== Segment start ==
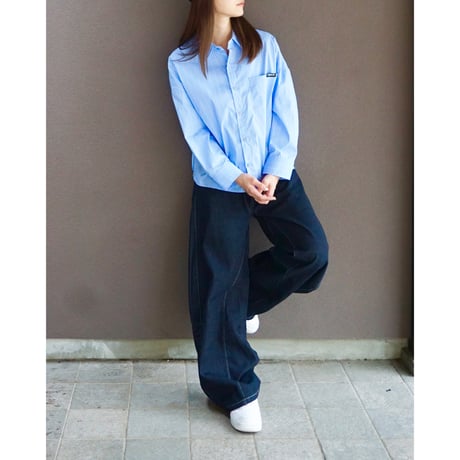 Three-quarter sleeve striped shirt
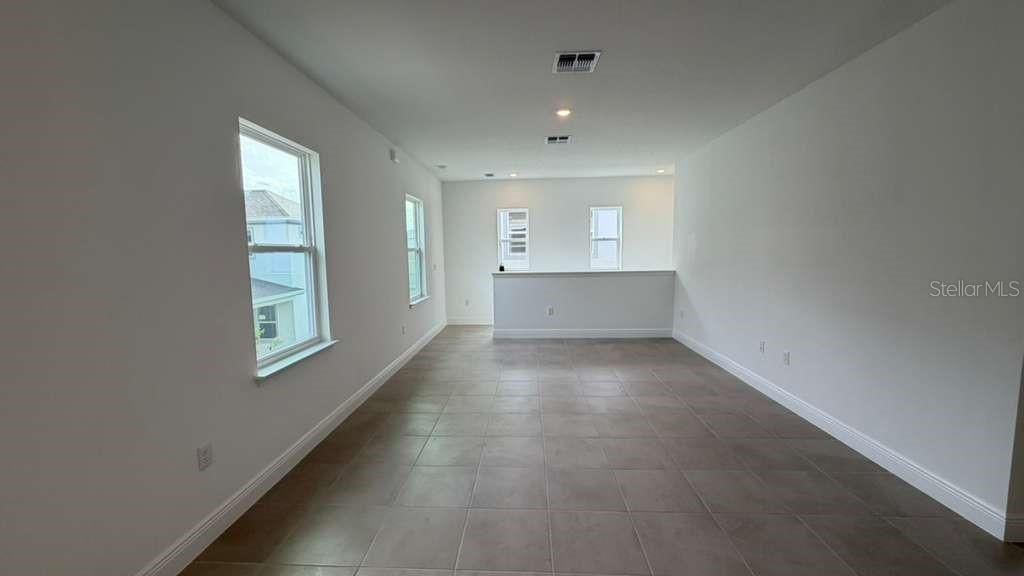 For Rent: $1,800 (1 beds, 1 baths, 680 Square Feet)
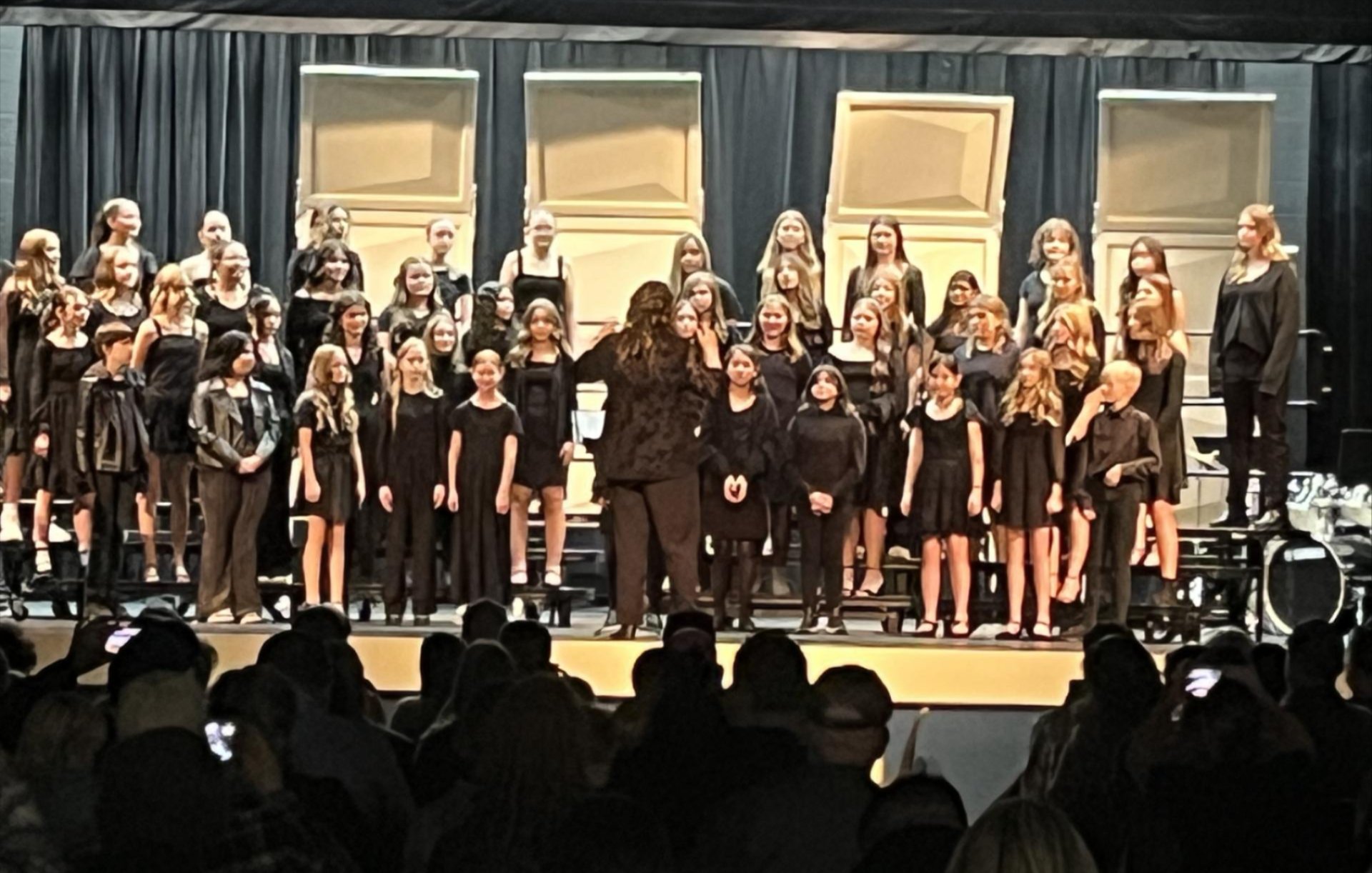 Thunder Mountain Middle School Students performing choir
== Segment end ==
TO DO
Write the material above out again exactly as it reads, but don't carry over the pictures.

OUTPUT OF THE EXERCISE
 Three-quarter sleeve striped shirt
 For Rent: $1,800 (1 beds, 1 baths, 680 Square Feet)
 Thunder Mountain Middle School Students performing choir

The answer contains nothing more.